> [Work instruction]
I'd like the data beneath this line reproduced exactly, without any of its images.

> [Provided material]
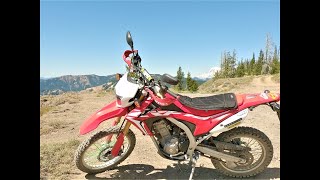 Solo Ride, Bethel Ridge (WABDR). Chasing Elk on dual sport (Crf250L)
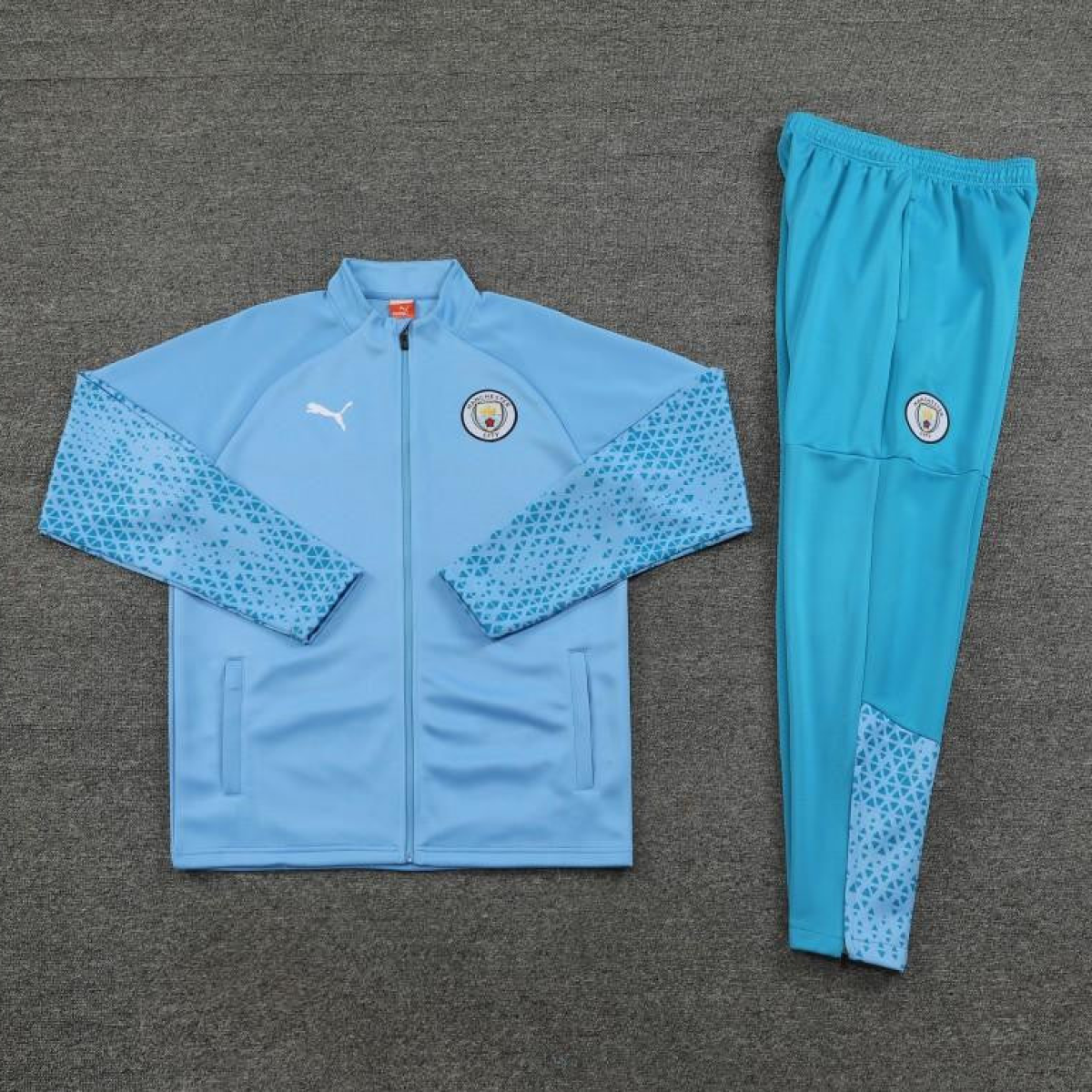 23/24 Manchester City Blue Full Zipper Jacket+Pants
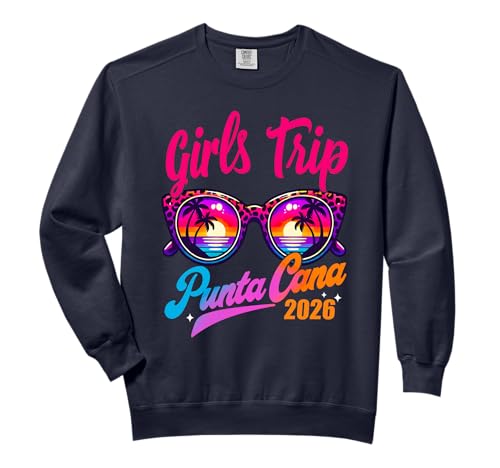 Girls Trip Punta Cana 2026 Matching Summer Vacation Women Comfort Colors Adult Sweatshirt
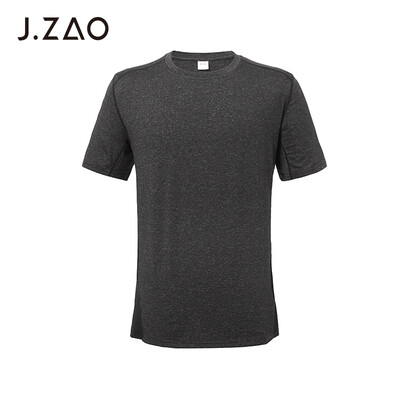 

Beijing Tokyo made JZAO mens sports short-sleeved T-shirt mesh breathable cool sports short-sleeved dark gray XXL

> [Exercise solution]
 Solo Ride, Bethel Ridge (WABDR). Chasing Elk on dual sport (Crf250L)
 23/24 Manchester City Blue Full Zipper Jacket+Pants
 Girls Trip Punta Cana 2026 Matching Summer Vacation Women Comfort Colors Adult Sweatshirt

Beijing Tokyo made JZAO mens sports short-sleeved T-shirt mesh breathable cool sports short-sleeved dark gray XXL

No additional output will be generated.